What you should do
Go through the listing and set it down exactly, leaving out its pictures.

Data segment
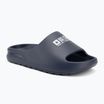 Pánské nazouváky BIG STAR RR174A014 navy blue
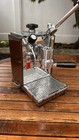 Olympia Cremina 1981 Espresso Machine
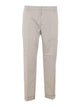 Dondup Gaubert Pants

Problem solution
 Pánské nazouváky BIG STAR RR174A014 navy blue
 Olympia Cremina 1981 Espresso Machine
 Dondup Gaubert Pants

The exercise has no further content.